» **Your task**
Leave out the pictures and print the records below exactly.

[[ Data section open ]]

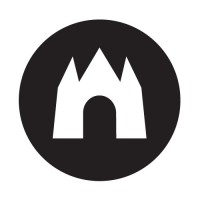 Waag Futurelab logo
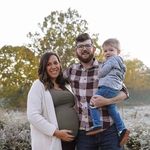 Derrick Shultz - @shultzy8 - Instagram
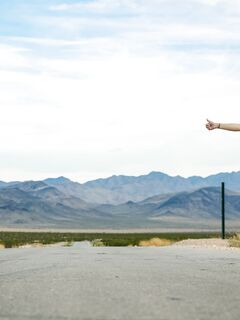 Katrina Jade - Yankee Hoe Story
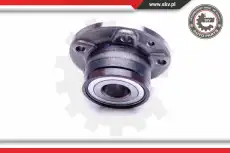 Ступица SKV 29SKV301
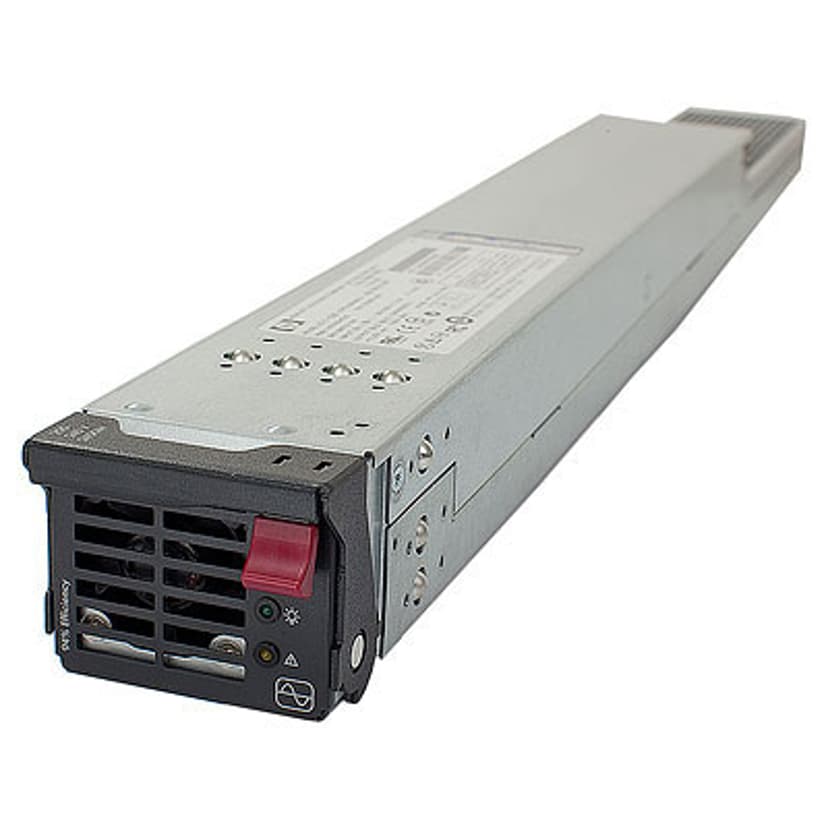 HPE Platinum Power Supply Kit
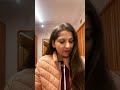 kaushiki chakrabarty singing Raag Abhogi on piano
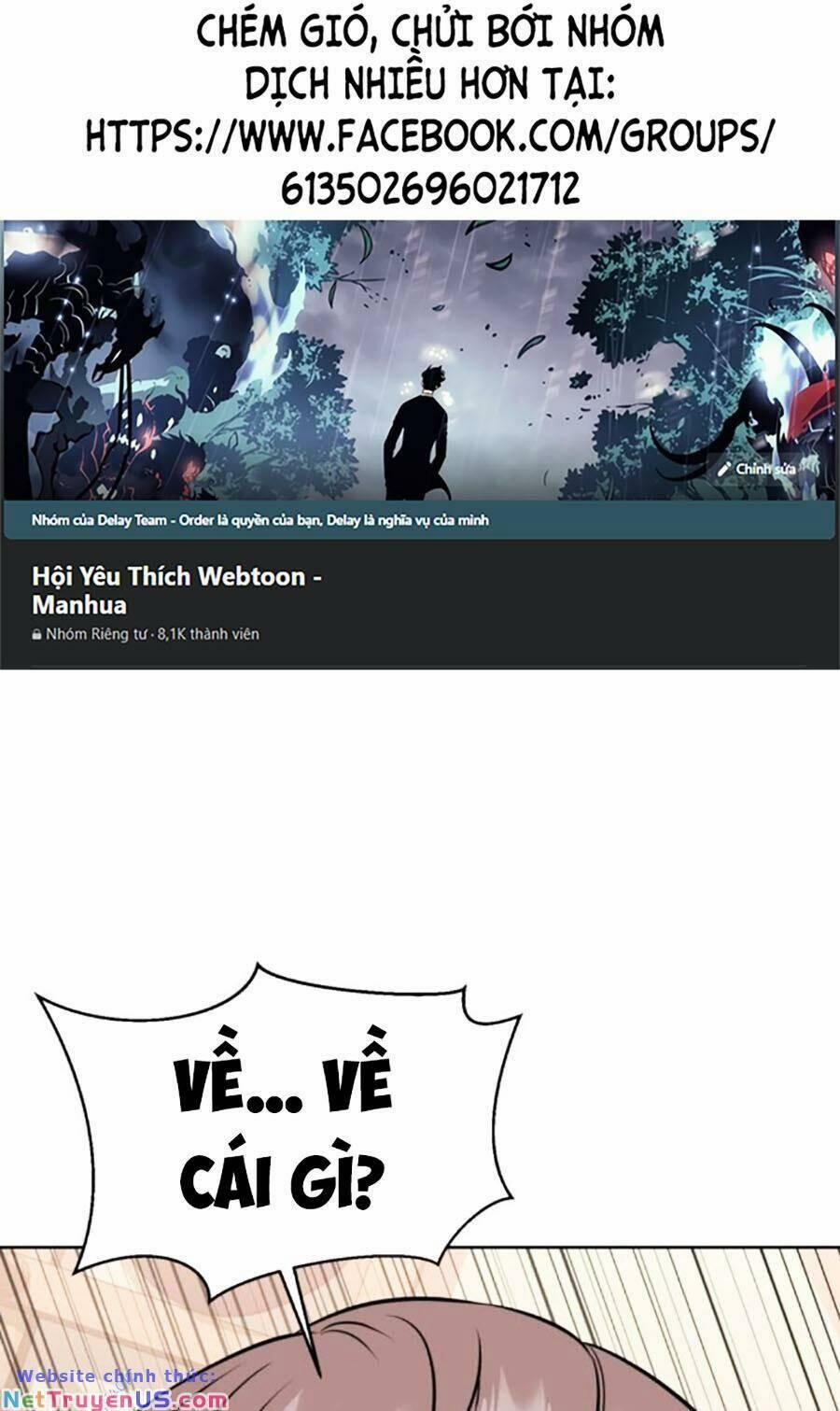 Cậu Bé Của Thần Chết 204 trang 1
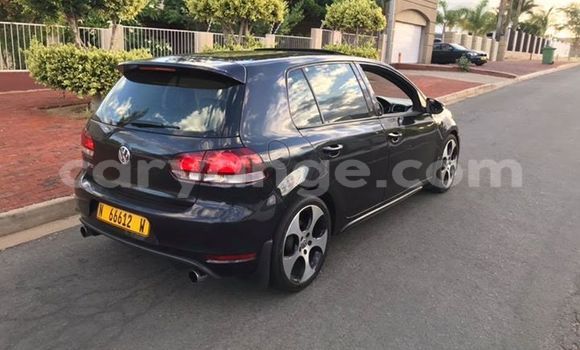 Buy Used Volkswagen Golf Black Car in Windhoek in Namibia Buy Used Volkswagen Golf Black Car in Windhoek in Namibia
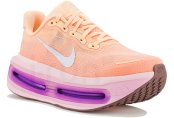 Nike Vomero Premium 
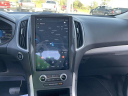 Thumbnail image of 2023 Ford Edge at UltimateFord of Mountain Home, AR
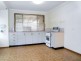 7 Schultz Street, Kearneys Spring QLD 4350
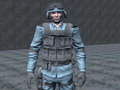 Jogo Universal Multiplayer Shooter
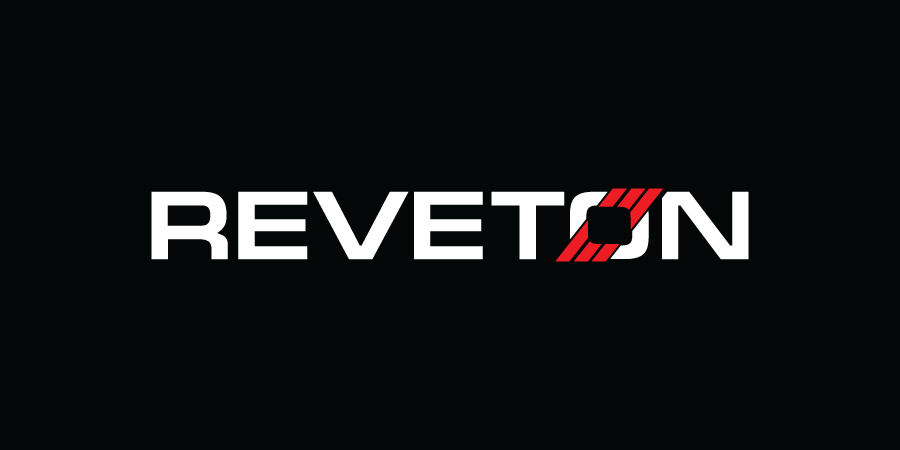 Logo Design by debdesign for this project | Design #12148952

[[ Data section closed ]]

» **Solved exercise**
 Waag Futurelab logo
 Derrick Shultz - @shultzy8 - Instagram
 Katrina Jade - Yankee Hoe Story
 Ступица SKV 29SKV301
 HPE Platinum Power Supply Kit
 kaushiki chakrabarty singing Raag Abhogi on piano
 Cậu Bé Của Thần Chết 204 trang 1
 Buy Used Volkswagen Golf Black Car in Windhoek in Namibia Buy Used Volkswagen Golf Black Car in Windhoek in Namibia
 Nike Vomero Premium 
 Thumbnail image of 2023 Ford Edge at UltimateFord of Mountain Home, AR
 7 Schultz Street, Kearneys Spring QLD 4350
 Jogo Universal Multiplayer Shooter
 Logo Design by debdesign for this project | Design #12148952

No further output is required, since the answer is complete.